The groups are holding meetings to find offsets, with the money coming from both discretionary and entitlement programs.

"We can find spending cuts to pay for emergency spending," said one CATs member, Rep. Tom Coburn, R-Okla. "If we don't, it either [increases] the debt or it comes from Social Security."

A moderate working on the project, Rep. Rick Lazio, R-N.Y., said House Speaker Gingrich endorsed the search for offsets.
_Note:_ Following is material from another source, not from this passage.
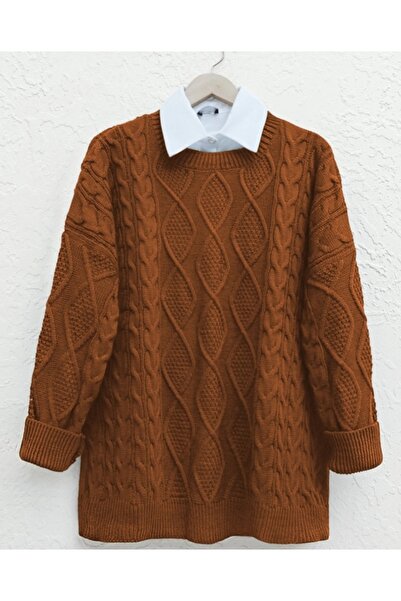 Vaniza Standard Size Honeycomb Patterned Knitwear Tunic Sweater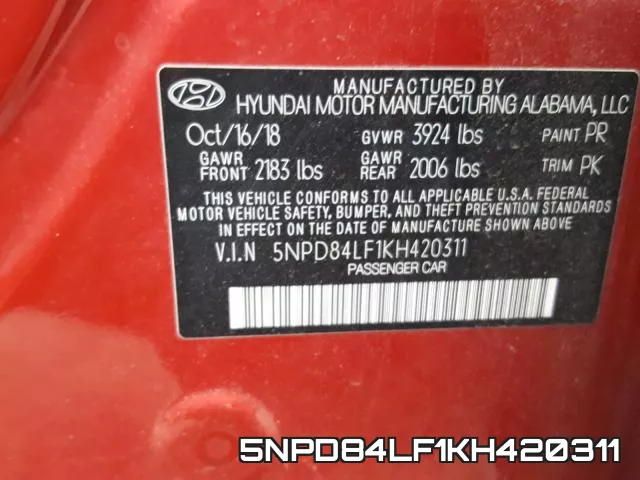 5NPD84LF1KH420311 фото 2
He said members are concerned that certain expenditures that are not true emergencies might be designated as emergencies, and they are "concerned about what might be called emergency in the future."

House Appropriations Committee Chairman Bob Livingston, R-La., is also supporting the effort to find offsets. "If they can find it and we can pass it, I'm all for it," he said.

However, a House Republican aide said the groups may run into trouble if they try to find offsets from entitlements.

"By their very nature, it's a hard sell," the aide said. "They're mandatory because people don't want to have them fooled with."

In other spending news, the House Rules Committee late Wednesday passed a rule for the fiscal 1999 foreign operations funding bill that ensures the House will not approve the full $18 billion for the International Monetary Fund.

Supporters of the IMF would have needed a waiver to offer the amendments to add more than $13 billion in IMF funding to the bill; the Rules Committee did not approve that waiver.

The full IMF funding will go to a House-Senate conference, however, because the Senate version of the bill calls for the full Clinton administration request.

The rule also sets up a floor fight over federal funding for international family planning groups.